On Dec 12, 2009, at 10:28 PM, William A. Rowe Jr. wrote: > Sander Temme wrote: >> >> But do you agree that we should support %lld and that inside the if >> statement starting line 832 of apr_snprintf.c is a good spot to set var_type >> = IS_QUAD? > > exactly, there is nothing appropriate about a 'conditional' format type. > I used the sizeof(int) == sizeof(long) to illustrate this :)
Actually, that approach doesn't work because the logic never gets there. When
you feed "lld" (we lost the % earlier) into the following convoluted if
statement:
if ((sizeof(APR_INT64_T_FMT) == 4 &&
fmt[0] == APR_INT64_T_FMT[0] &&
fmt[1] == APR_INT64_T_FMT[1]) ||
(sizeof(APR_INT64_T_FMT) == 3 &&
fmt[0] == APR_INT64_T_FMT[0]) ||
(sizeof(APR_INT64_T_FMT) > 4 &&
strncmp(fmt, APR_INT64_T_FMT,
sizeof(APR_INT64_T_FMT) - 2) == 0)) {
it's caught by the middle one since (sizeof("ld\0") == 3 && fmt[0] == 'l')

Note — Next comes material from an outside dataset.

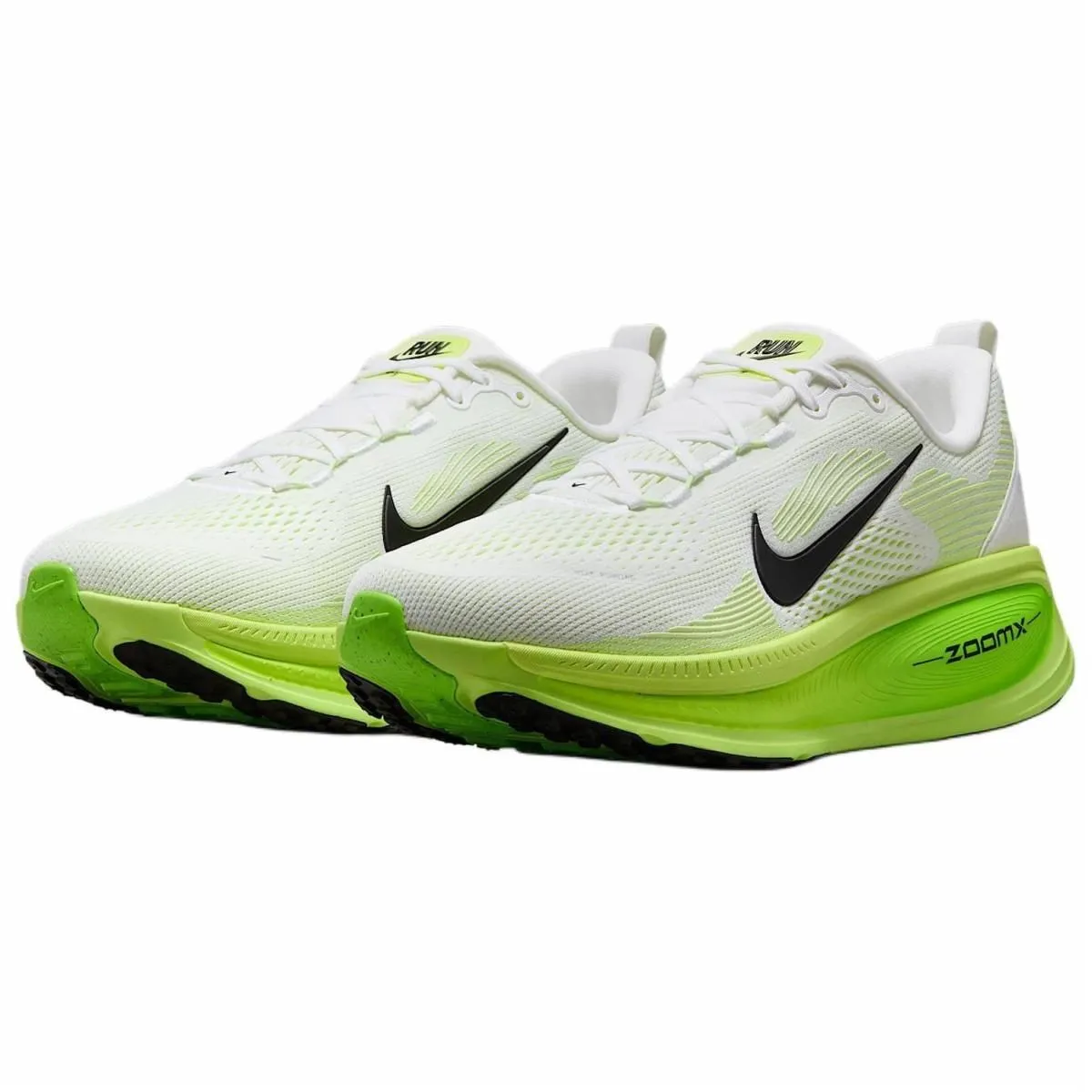 Мужские кроссовки Nike Vomero 18 White/Green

which is subsequently stripped. The remaining "ld" goes into the switch, which
doesn't match 'l' so it falls to the default which prints the remaining
unrecognized characters back to the caller:
/*
* The default case is for unrecognized %'s.
* We print %<char> to help the user identify what
* option is not understood.
* This is also useful in case the user wants to pass
* the output of format_converter to another function
* that understands some other %<char> (like syslog).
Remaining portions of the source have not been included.